Supplied records>
=-=-=-=-=
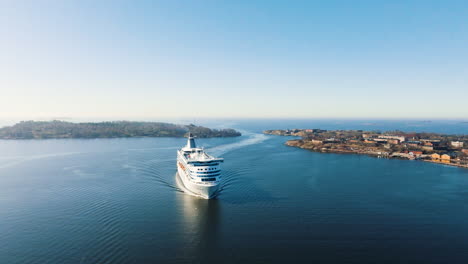 drone descending in front of a shuttle ferry at the suomenlinna island, helsinki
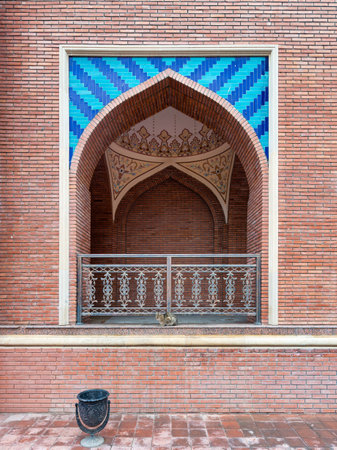 An arched balcony at the Imamzadeh Mausoleum in Ganja, Azerbaijan, an architectural marvel characterized by its captivating red brickwork and intricate blue tileworkの写真素材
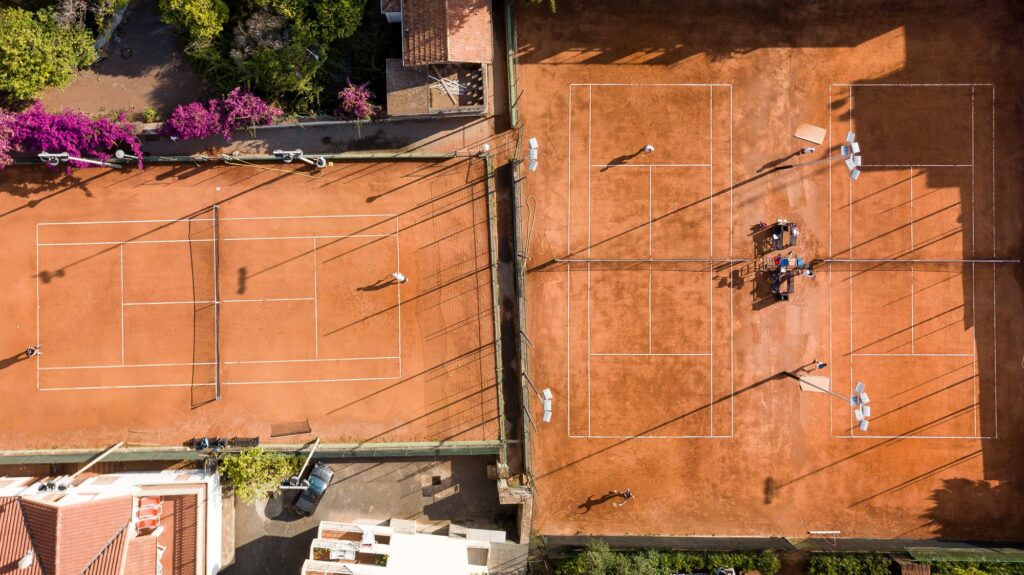 Vista aerea di due campi in terra rossa del Bordighera Lawn Tennis Club con giocatori, ombrelloni e bouganville fucsia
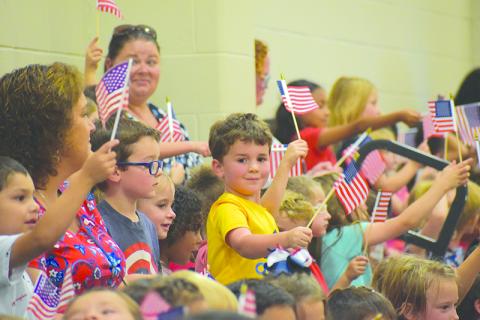 McCoy Malcom (center) joins his classmates in waving Old Glory to celebrate the Hometown Heroes at Fairview Elementary on Monday afternoon. MATTHEW OSBORNE/Staff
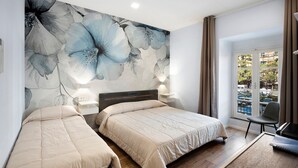 Ein Hotelzimmer mit zwei Betten, einer großen Blumenmalerei, Blick ins Freie und einem Schreibtisch mit Stuhl.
=-=-=-=-=
Return every record exactly. Pictures stay out.

 drone descending in front of a shuttle ferry at the suomenlinna island, helsinki
 An arched balcony at the Imamzadeh Mausoleum in Ganja, Azerbaijan, an architectural marvel characterized by its captivating red brickwork and intricate blue tileworkの写真素材
 Vista aerea di due campi in terra rossa del Bordighera Lawn Tennis Club con giocatori, ombrelloni e bouganville fucsia
 McCoy Malcom (center) joins his classmates in waving Old Glory to celebrate the Hometown Heroes at Fairview Elementary on Monday afternoon. MATTHEW OSBORNE/Staff
 Ein Hotelzimmer mit zwei Betten, einer großen Blumenmalerei, Blick ins Freie und einem Schreibtisch mit Stuhl.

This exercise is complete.